*** Opening of Task data ***
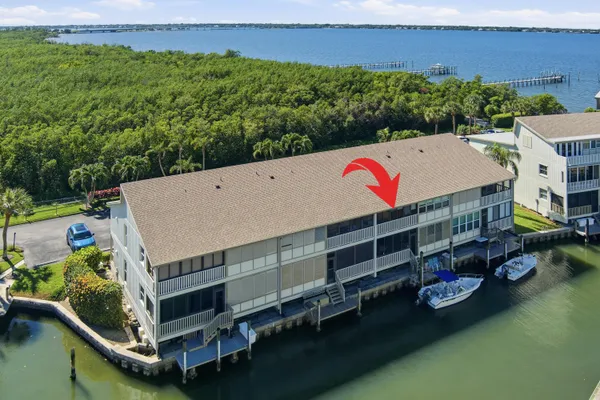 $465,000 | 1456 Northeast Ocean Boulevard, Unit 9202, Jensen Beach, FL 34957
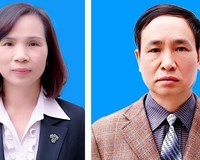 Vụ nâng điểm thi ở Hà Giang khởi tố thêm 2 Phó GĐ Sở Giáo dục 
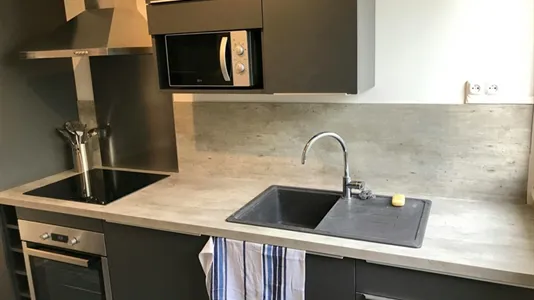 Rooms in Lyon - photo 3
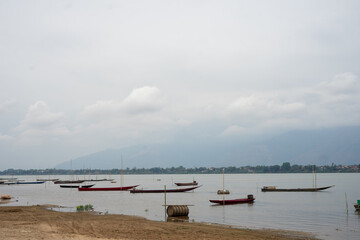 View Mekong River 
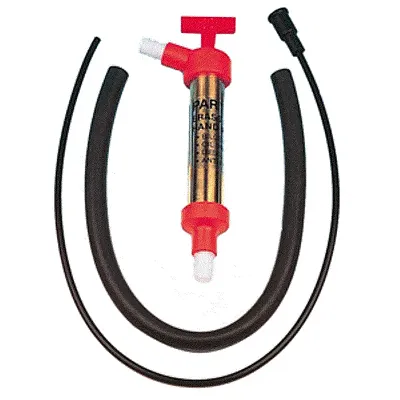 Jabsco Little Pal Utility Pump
*** Close of Task data ***
:: What you need to do ::
All of the material goes into the answer exactly as it stands, except for the pictures.

:: Response area ::
 $465,000 | 1456 Northeast Ocean Boulevard, Unit 9202, Jensen Beach, FL 34957
 Vụ nâng điểm thi ở Hà Giang khởi tố thêm 2 Phó GĐ Sở Giáo dục 
 Rooms in Lyon - photo 3
 View Mekong River 
 Jabsco Little Pal Utility Pump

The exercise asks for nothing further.